The Our Hong Kong Foundation think tank has called for a sweeping revamp of the liberal studies curriculum in local secondary schools – including having the government vet all teaching materials – saying the controversial subject has not achieved its objectives of cultivating high-level critical thinking skills and open minds among students.
The group is headed by former Chief Executive Tung Chee-hwa, who is among a host of pro-Beijing figures to have suggested that the subject may have encouraged students to participate in anti-government protests.
The foundation on Monday issued a report proposing to rebrand liberal studies as “integrated studies”; removing it as a core subject for university admittance; and changing the subject to pass/fail in the Diploma of Secondary Education examinations instead of the existing seven-point grading system.
‘Alternative’ modes of assessment such as multiple-choice questions or word-matching, it said, should be added “to maximise fairness and flexibility.”
Instead of a core subject, the foundation said a ‘pass’ should be adequate for university admittance, because “result-focused articulation… is at odds with an ‘assessment for learning’ ethos… [and] hinders higher-order thinking skills and self-directed learning.”

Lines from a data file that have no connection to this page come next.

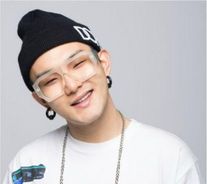 Foto de Kye Bum Zu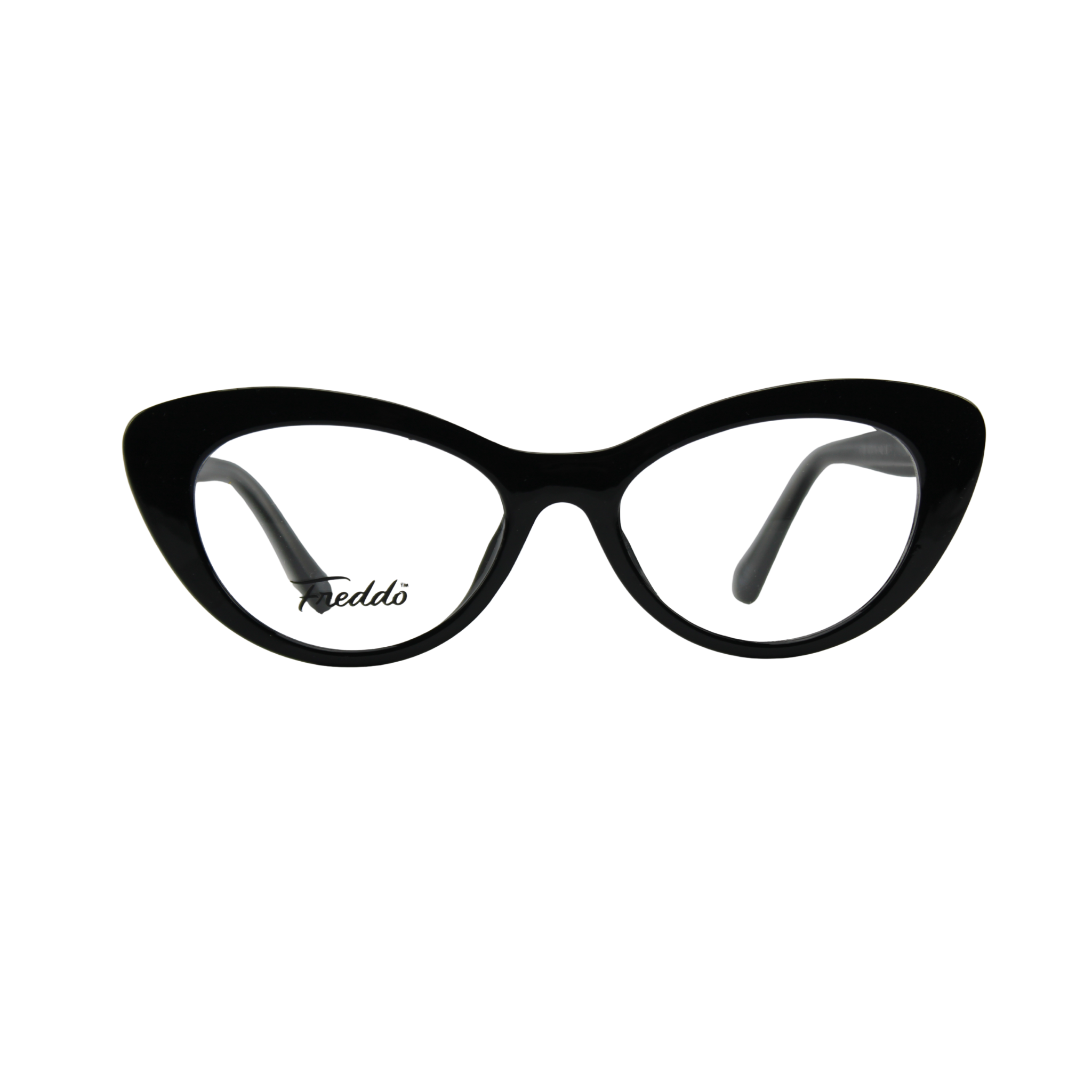 Clearvision
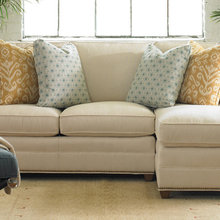 Jane's couch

It said the Education Bureau should set out “transparent and practical vetting guidelines” which should cover both textbooks and supplementary materials, noting that some people have criticised the subject for using “biased" teaching materials.

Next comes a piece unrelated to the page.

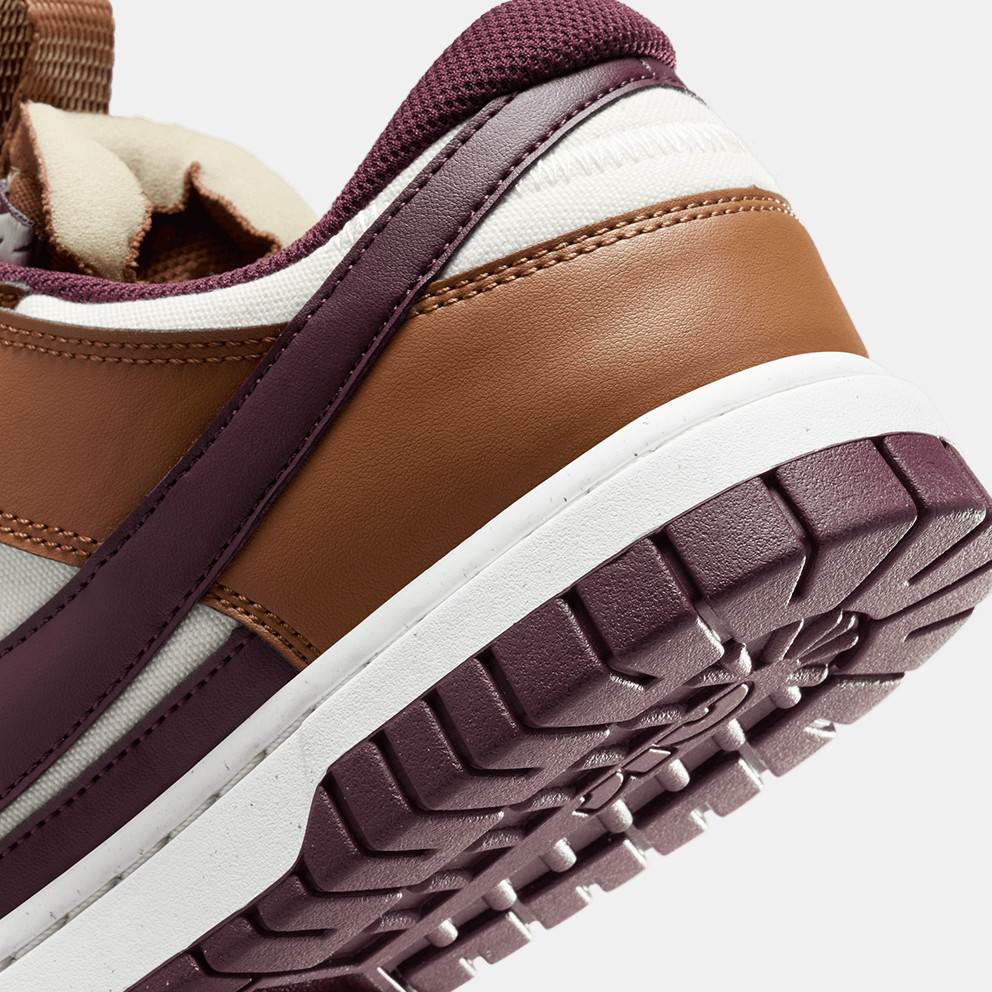 Nike Dunk Low Jumbo Men's Shoes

Last month, it emerged that local publishers had made a number of changes to liberal studies textbooks after participating in a voluntary review, taking out references to the concept of separation of powers, and civil disobedience.
The report backed up its suggestions citing surveys that say a majority of teachers and students found the curriculum overly broad.

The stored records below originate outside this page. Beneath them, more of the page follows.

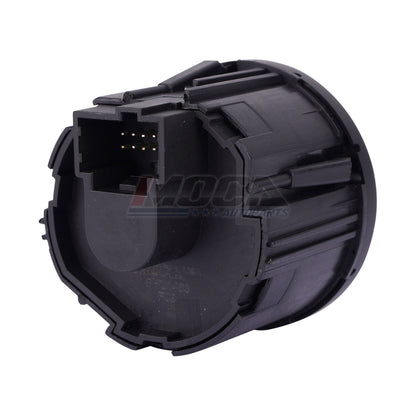 MOCA Headlight Switch - SHL1463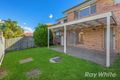 Property photo of 6/22 Thurlow Street Newmarket QLD 4051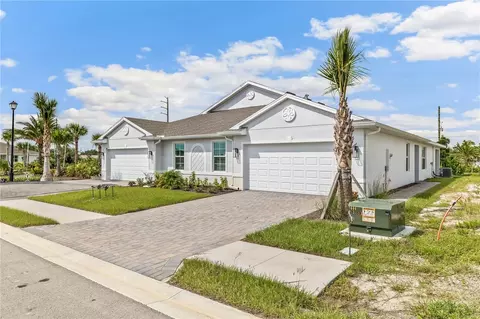 9452 Sunbeam Cir, Punta Gorda, FL 33950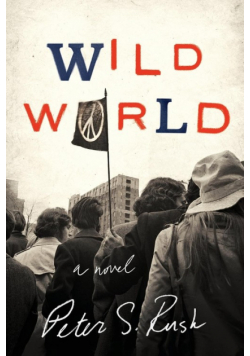 Wild World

It also concluded that the subject’s reliance on exams for assessment were a “hindrance to thinking skills”, and expressed concern that unvetted materials from social media were often used as teaching materials, “severely affect the accuracy and objectivity of content circulated in class.”
The foundation also said the subject is skewed towards the humanities “at the expense of science” – citing a significant fall in enrollment rates for science courses, and a decline in students’ performance in such subjects.
It said students should have the option of choosing more science-based options “to strike a better balance.”